An autopsy report into the exact cause of Colaneri's death is still pending, and the Seneca County Sheriff's Department is continuing the investigation. The Federal Aviation Administration's Rochester branch is also involved in the investigation, but officials there couldn't be reached for comment Monday.
According to Dickenson, Colaneri was going 50-60 mph when he hit the ground. He was using a parachute for more advanced divers that allows for high-speed maneuvers and requires a "running landing."
"He hit feet and knees first, in the fetal position, and he hit the ground and tumbled forward," Dickenson said.
My condolences to Tom's family and friends, and everyone at Finger Lakes Skydivers. A special Thank you to Peter (manifest/packing) whom I here reacted quickly and did everything humanly possible to help Tom.
Does anyone know if he was wearing any type of helmet? Did he sustain major damage to his head? Any thoughts on whether or not this would have prevented this accident from being so tragic?
Helmet?
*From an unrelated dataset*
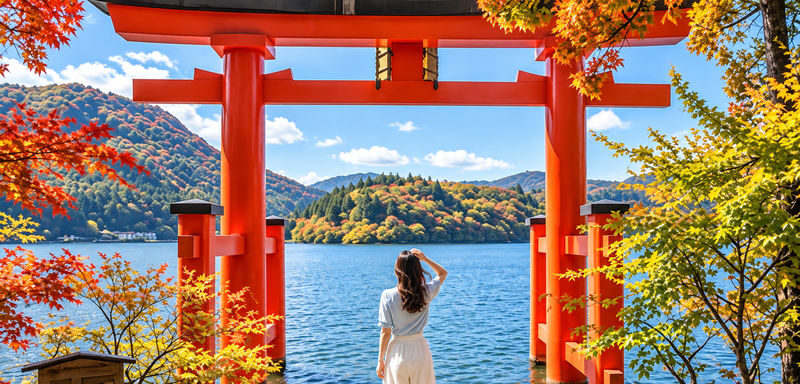 Mount Fuji and Hakone Day Trip with Cable Car Experience - Lake Yamanaka Swan Boat & Oshino Hakkai Views & Torii Reflection & Owakudani Volcanic Wonder (From Tokyo) - A Lake Ashi cruise, then the ropeway to Owakudani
At so speeding is useless!! I don't speculate to this unfortunate accident. I would say we need act with consciousness. The ground doesn't forgive. Sorry for my vent. I lost more friends like this.
It is repeated that he flared too late or not at all...What is the difference between this and turning too low to the ground? Did he misjudge his final turn? Was he going too fast to be able to "dig" out of the corner?